# MATERIAL PROVIDED
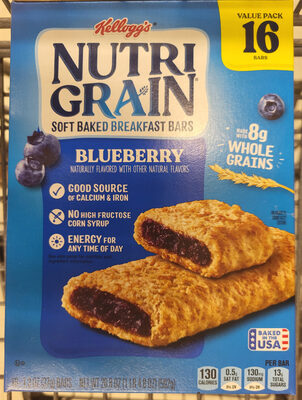 Kellogg's Nutri-Grain Cereal Bars Blueberry 20.8oz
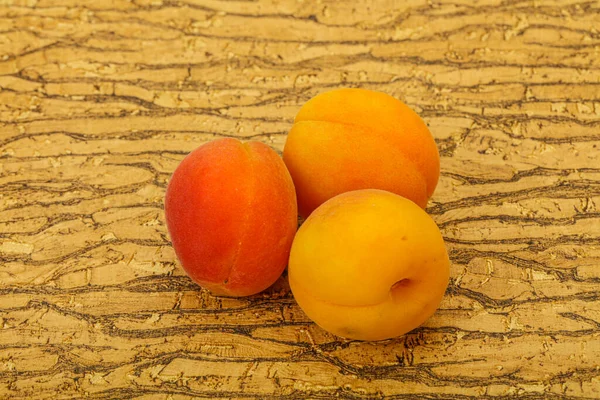 Doce Maduro Fresco Poucos Damascos Fruta — Fotografia de Stock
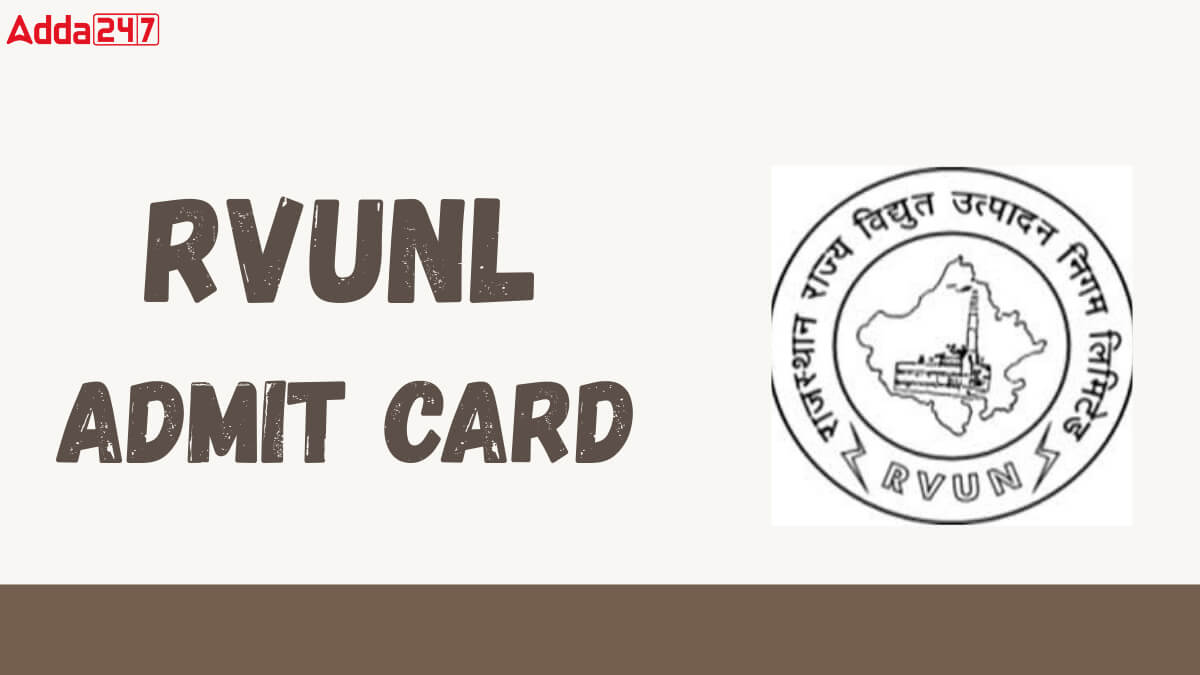 RVUNL Admit Card 2025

# EXERCISE
Print all the lines above exactly as they are, but without the pictures.

# RESULT OF THE EXERCISE
 Kellogg's Nutri-Grain Cereal Bars Blueberry 20.8oz
 Doce Maduro Fresco Poucos Damascos Fruta — Fotografia de Stock
 RVUNL Admit Card 2025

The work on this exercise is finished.